Olivier Mateu, vous dites qu’il n’y a pas le choix, « il faut gagner ». Plaçons-nous dans cette hypothèse. Et après ? Une fois gagné le statu quo, comment construire de nouvelles avancées et peut-être un renversement complet de l’ordre existant ?

Olivier Mateu : D’abord on pourra se réjouir d’avoir empêché un gouvernement des plus libéraux d’avancer, pour la première fois depuis très longtemps. Il faudra ensuite porter le débat sur l’amélioration des choses : a-t-on les moyens ou non de la retraite à 60 ans, 55 pour les métiers pénibles, du Smic à 2 000 euros... Il va falloir dire un peu la vérité, les milliards ils n’arrivent plus à les cacher. Si on allait chercher ce qu’ils nous volent : l’évasion fiscale de 80 à 100 milliards par an, sans même toucher les dividendes, vous imaginez ce que ça signifierait pour la population, les services publics etc. L’enfumage sur les 1 200 euros par mois est indécent, ces gens qui nous promettent ça, vivent avec 1 200 euros le matin, 1 200 euros le soir. Jusqu’où pensent-ils pouvoir nous piétiner ?

Dans ce département, à la Libération de Marseille, les travailleurs ont relancé la production industrielle pour finir les fascistes et les nazis, dans le cadre de réquisitions d’usines. Elles étaient toujours la propriété des familles et groupes qui les possédaient avant la guerre, mais la production était maîtrisée par les travailleurs eux-mêmes qui étaient de ce fait motivés. Aujourd’hui, c’est aussi le moment de se poser la question de comment veut-on produire, en intégrant la question environnementale. Ceux qui décident de la production ce sont les grands groupes de la finance internationale. Pour changer ça, il faut accepter de s’affronter au capital.

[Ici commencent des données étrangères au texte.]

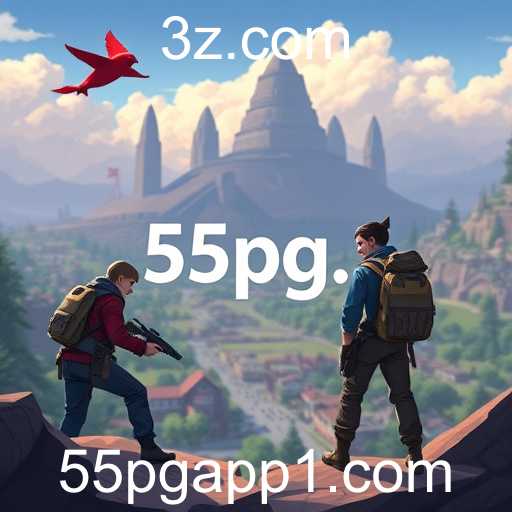 A Ascensão do 55pg.app no Cenário de Gaming Online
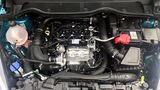 Ford Fiesta 1.0 Ecoboost - der aufgeladene Dreizylinder leistet 74 kW / 100 PS
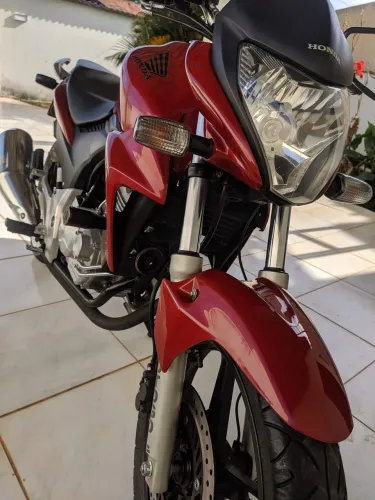 Cb300 2013 nova!!!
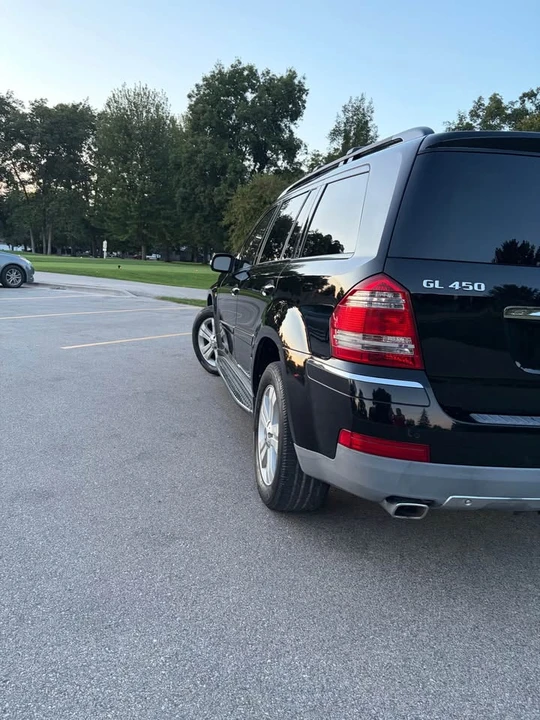 2008 Mercedes-Benz X164 GL-Class - Image 7 of 18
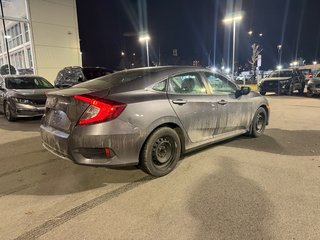 Honda Civic Sedan LX 2019 à Montréal, Québec - 4 - w320h240px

Monique Pinçon-Charlot, vous décrivez une classe dominante qui s’est mondialisée en même temps que le capitalisme s’est étendu sur toute la planète. Comment lui arracher des victoires alors qu’elle se sert de la dimension internationale pour maintenir le couvercle sur les peuples ?

Monique Pinçon-Charlot : C’est une difficulté de bon sens que vous soulevez. Mais il n’y a pas de petits combats. Je suis sociologue, pas prophète. Si on gagne cette bataille, il faudra se battre pour que les riches payent leurs impôts et qu’on revienne sur les gigantesques cadeaux fiscaux faits par Emmanuel Macron. Il faut rétablir l’ISF, abolir la « flat tax » qui supprime la progressivité de l’impôt sur les revenus du capital. Les riches payent 12,5 % quelle que soit l’importance de ces revenus alors que les salariés payent de 10 à 45 % en fonction de leurs revenus. Il faut supprimer, le Crédit d’impôts compétitivité emploi mais aussi le Crédit impôt recherche qui va prioritairement financer les laboratoires privés ou les multinationales pétrolières et pas du tout le CNRS où l’on pouvait faire des recherches fort intéressantes sur la classe dominante. C’est en travaillant main dans la main, que syndicalistes, chercheurs ou journalistes, nous pourrons avancer avec cette boussole forte de la sortie du capitalisme.